RECORDS TO USE »
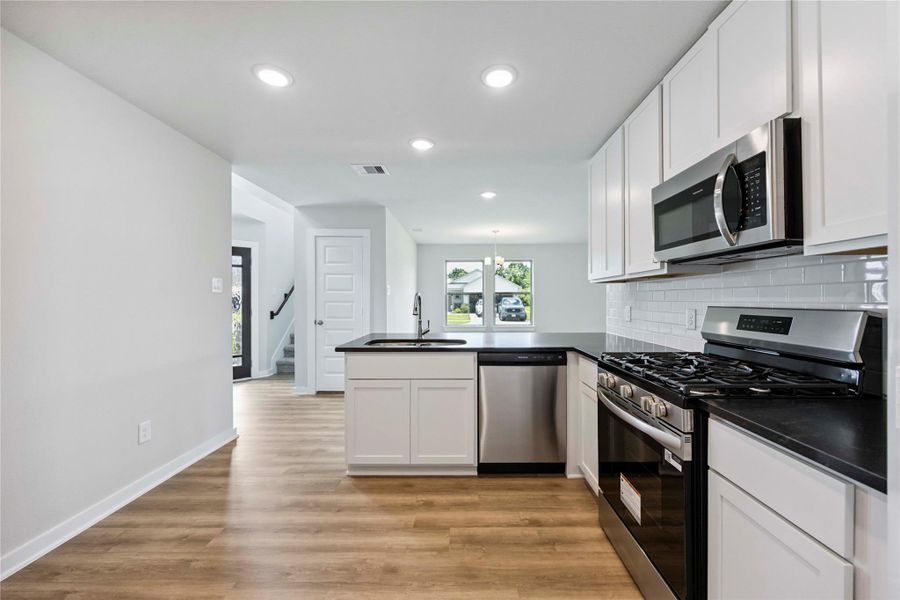 Image 22 of a home in The Villages at Westpointe.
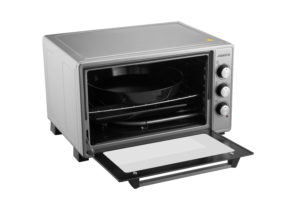 Electric oven ARDESTO, 40L, 1300W, mech., grey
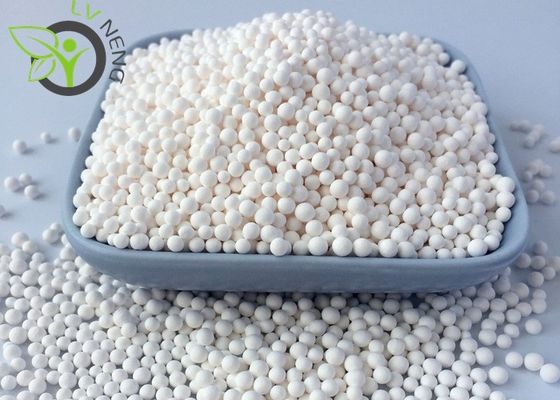 Código de erro 403 Alumina Beads ativados para o desempenho do servidor Web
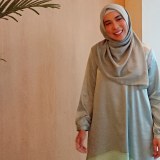 Sebelum Menikah Haykal Kamil Pernah Divonis Susah Punya Anak Kumparan Com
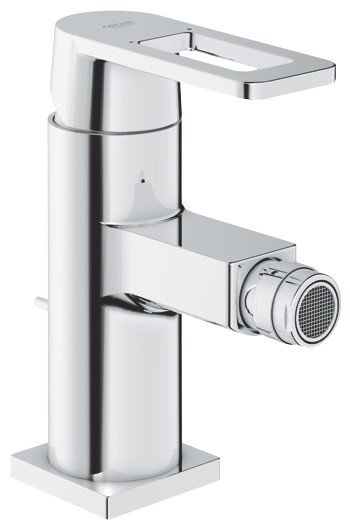 Bidetová páková baterie Grohe QUADRA DN15, chrom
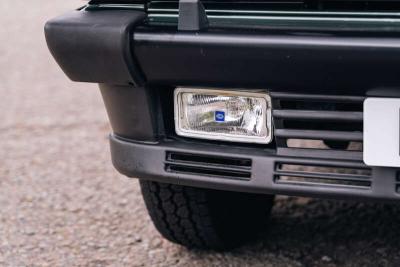 1993 Land Rover RANGE ROVER LSE 'CLASSIC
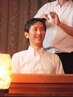  完全個室・パーソナルカット
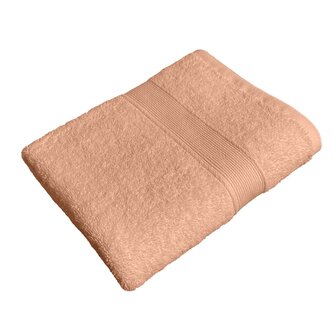 Ručník Ibiza 50x100 cm meruňkový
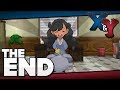 Pokémon X and Y - Finale | Final Looker Chapter: Here's Lookin' at you Kid!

TASK OBJECTIVE » Please transcribe the whole listing above exactly, with the images left out.

ANSWER TO THIS TASK »
 Image 22 of a home in The Villages at Westpointe.
 Electric oven ARDESTO, 40L, 1300W, mech., grey
 Código de erro 403 Alumina Beads ativados para o desempenho do servidor Web
 Sebelum Menikah Haykal Kamil Pernah Divonis Susah Punya Anak Kumparan Com
 Bidetová páková baterie Grohe QUADRA DN15, chrom
 1993 Land Rover RANGE ROVER LSE 'CLASSIC
  完全個室・パーソナルカット
 Ručník Ibiza 50x100 cm meruňkový
 Pokémon X and Y - Finale | Final Looker Chapter: Here's Lookin' at you Kid!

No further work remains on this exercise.